I saw Derek Jeter throw all the crap about a .270 season out the window by breaking some more postseason records, dropping a double, a triple, and a run-scored onto his already illustrious career resume. I saw a fan down the left field line bounce a foul ball off his fingertips, thus knocking the ball out of the way of Yankees' left fielder Brett Gardner, who had a clear shot. Of course, this brought up mention of the hapless Cubs' fan Steve Bartman.
But, when I went to bed, I had seen four-and-a-half innings. Burnett was doing pretty well. The Yanks had a 3-2 lead. Hunter had been chased. Yet I watched from 8:00-10:15! But that was all I saw, because, during their innings of trouble, Burnett and especially Hunter seemed to go about two minutes between pitches. Baseball can be slow. Have I said that yet?

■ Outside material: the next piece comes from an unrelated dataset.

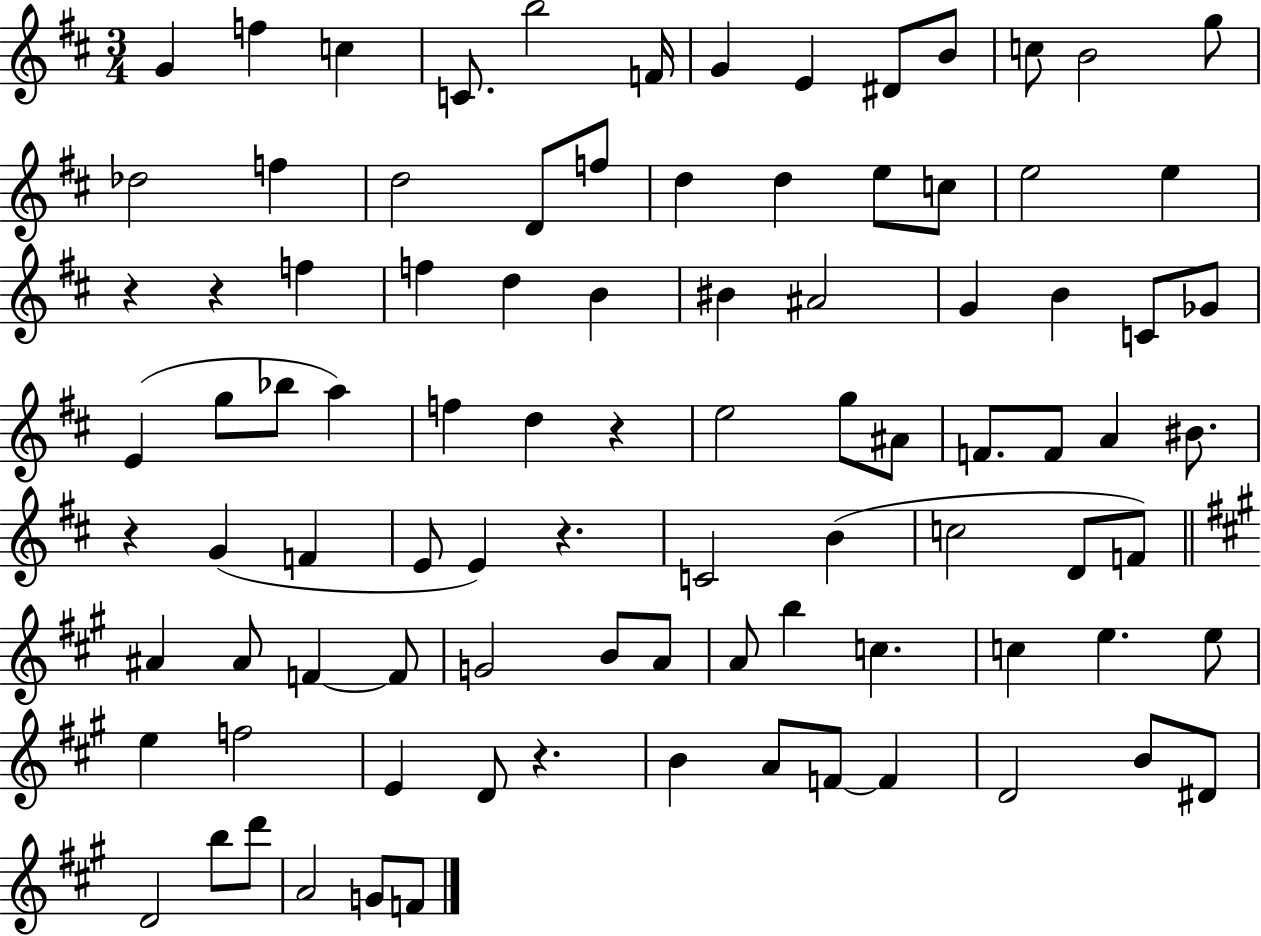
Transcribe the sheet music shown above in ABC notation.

Well, after I went to bed, Yankee first baseman Mark Texeira blew his right hamstring running to first, A.J. Burnett intentionally walked a left-handed Ranger to bring up right-handed Bengie Molina, and surrendered a back-breaking three-run homer on the next pitch. Josh Hamilton hit a home run later. Josh Hamilton hit a home run later. Sorry, did I just say that twice? Well, it's the truth. Hamilton hit homers in the seventh and ninth innings against a Yankee bullpen looking worse and worse by the day (literally). Two batters after Hamilton's second drive, Nelson Cruz sent a missile into the second deck in nearly-empty Yankee Stadium, making it 10-3, and four home runs, all in favor of the Rangers.
So, allow me to continue my metaphor from the title of this post. Everyone's invited to the parties, they start late and they end later, they can be kinda slow, but, once mere mortals have gone to bed, they open up the dance floor, and the guys from Texas hit it. Then Hamilton, Cruz, Molina, and their buddies Michael Young, Vladimir Guerrero, and Elvis Andrus clap their hands, stomp their feet, and ultimately dance around like kings of the world, who, along with party security, can't seem to do a thing about it. Oh, and there's the odd VIP appearance by Cliff Lee, the biggest party crasher of them all.

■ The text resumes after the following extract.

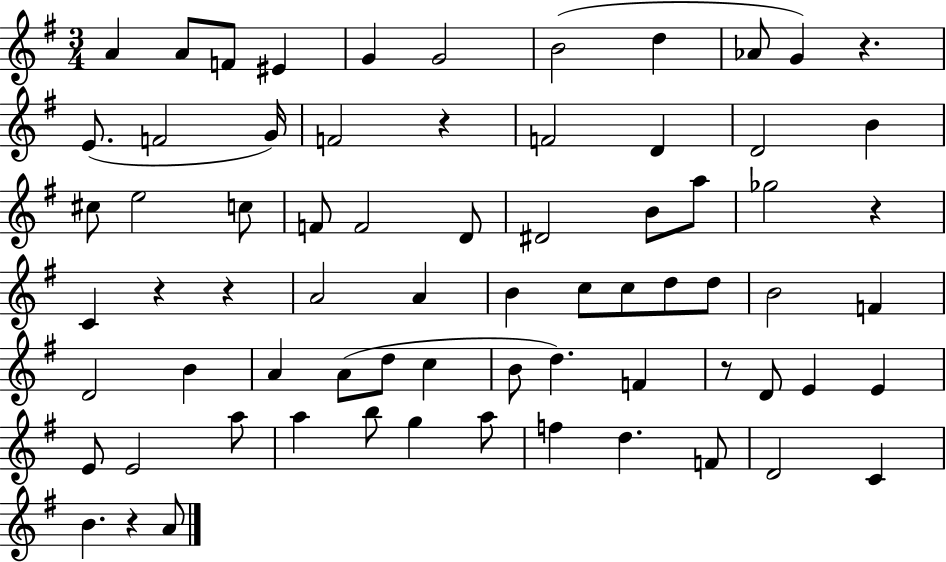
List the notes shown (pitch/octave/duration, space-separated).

A4/q A4/e F4/e EIS4/q G4/q G4/h B4/h D5/q Ab4/e G4/q R/q. E4/e. F4/h G4/s F4/h R/q F4/h D4/q D4/h B4/q C#5/e E5/h C5/e F4/e F4/h D4/e D#4/h B4/e A5/e Gb5/h R/q C4/q R/q R/q A4/h A4/q B4/q C5/e C5/e D5/e D5/e B4/h F4/q D4/h B4/q A4/q A4/e D5/e C5/q B4/e D5/q. F4/q R/e D4/e E4/q E4/q E4/e E4/h A5/e A5/q B5/e G5/q A5/e F5/q D5/q. F4/e D4/h C4/q B4/q. R/q A4/e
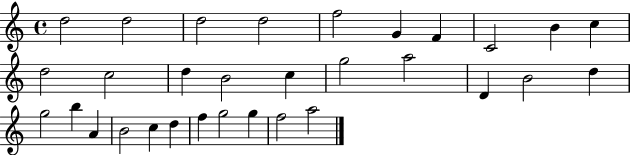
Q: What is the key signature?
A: C major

It's 3-1 Rangers in the ALCS. Yanks' ace C.C. Sabathia pitches tonight to try and save his team's season. Texeira is done for the year.
Walking with Giants
Another inexcusable pun, but in the other, equally-dramatic, but less-watched, LCS, the San Francisco Giants took a 2-1 lead in the first game Bay-side with a two-out uprising in the fourth against proven postseason starter Cole Hamels of the Phillies. High-riding folk hero Cody Ross had the first RBI hit. Aubrey Huff had the second. An RBI groundout the next inning added a third run, and so it went, 3-0 Giants. That's the way it would end. Young right-hander Matt Cain shut down the Phillies for seven innings, the bullpen did the rest, and almost no one noticed a guy named Barry Bonds sitting in the front row, because the Giants on the field are far more interesting and far less controversial.
The Ranger/Yankee game was great because the Yankees lost. Surely the Rangers can come up with one win even if it takes three more games. Never count those egotistical Yankees out of the race until the final out. You are right on about Josh Hamilton, he is banging the ball. Can't say enough about Cody Ross, the Giants got a steal when they picked him up. I guess that beats being a rodeo clown any day.